In this second musing, I’ll ramble somewhat coherently about reading old books and cannon. (This is somewhat related to Part One, which was a discussion of influences.)
Award season made me realise two things. First, I’m never up-to-date enough with my reading to have much opinion on the long- or short-lists. I’ve got books from the previous hundred years to get to before I can think of this year or even last! I don’t want to give those books up just to stay on the pulse, and anyway there are too many new books out every year to even dream of keeping up with. Moreover, I like books that stand the test of time, books that not only give you a window on a different fantasy world, but on the different real world in which they were written. (See, already letting my personal taste cloud things!)

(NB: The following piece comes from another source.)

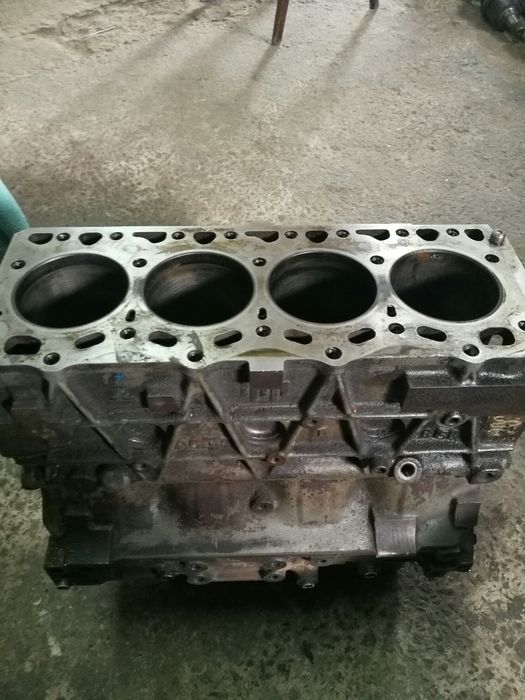 Блок двигателя для фиат дукато 2.8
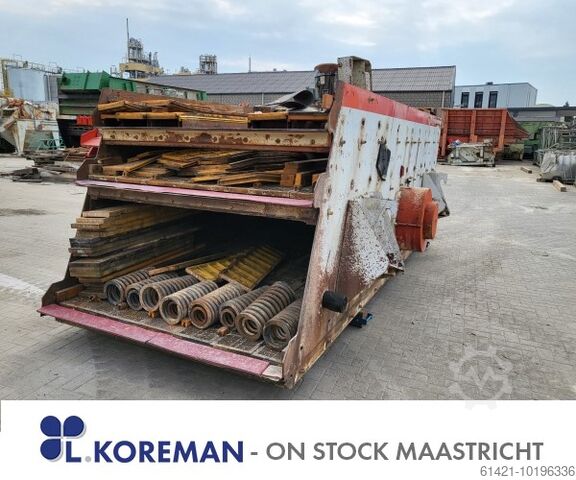 Zeefmachine Nordberg Bergeaud 20/50-3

The other thing awards bring up is the concept of “best” and the implicit development of a recommended “canon”, as if either can be objective. Sure, there’s a minimum standard of quality most of us would agree on – grammar, structure, spelling, consistency – but even then some readers won’t care, and any attempt to agree criteria above that minimum will not even approach consensus. Just look at the puppies nonsense, or read recommendation threads on internet forums. No matter how many opinions are on one side or the other, your own is the only one that really matters in the end.
On the other hand, I feel quite strongly about the books I’ve really liked (as most of us do), and will fight for their reputation. I also often read “major” works of the genre more out of obligation and curiosity than personal taste. And yes, some of this has been out of a desire to complete a sort of “canon” of central, important works so that I could feel like a true fantasy fan (whatever that means), or, at least, a knowledgeable one (again, a personal motivation). The more I’ve read, however, the more I’ve accepted that there is no single canon of fantasy literature, and nor should there be.

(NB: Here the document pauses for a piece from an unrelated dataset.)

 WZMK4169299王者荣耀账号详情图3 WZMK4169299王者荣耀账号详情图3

I think it’s good for fans to read some popular or influential works that may not immediately appeal to them. This allows them to feel included in discussion, share touchstones across differing perspectives, and be exposed to things they might not otherwise read. And of course I still especially recommend those older books that laid the groundwork for modern fantasy, and which are often neglected. I also think it’s important for writers to read widely, as I’ve discussed time and again. But I’m not going to call any particular book “essential” anymore, not even Lord of the Rings.
I also try to refrain from un-recommending books these days. In the past, I may have got a bee in my bonnet about a particular “terrible” book and wanted the world to know it should never have been published. Now I’ve seen examples of how every book can make an impact on the right reader, and also appreciate just how difficult it is to write a whole book. I may still give a negative review, but I’ll try to frame it in less objective terms at least. After all, good and bad are relative, reading is personal, and taste is subjective.
At the end of the day, read as much as you can, don’t limit yourself, but don’t feel obligated to read any particular thing. As much as I’ve believe in the benefit of perspective, and love reading the classics myself, all I really want is for people to be aware of relevant books so they can make their mind up. No required reading, just a huge list of recommendations.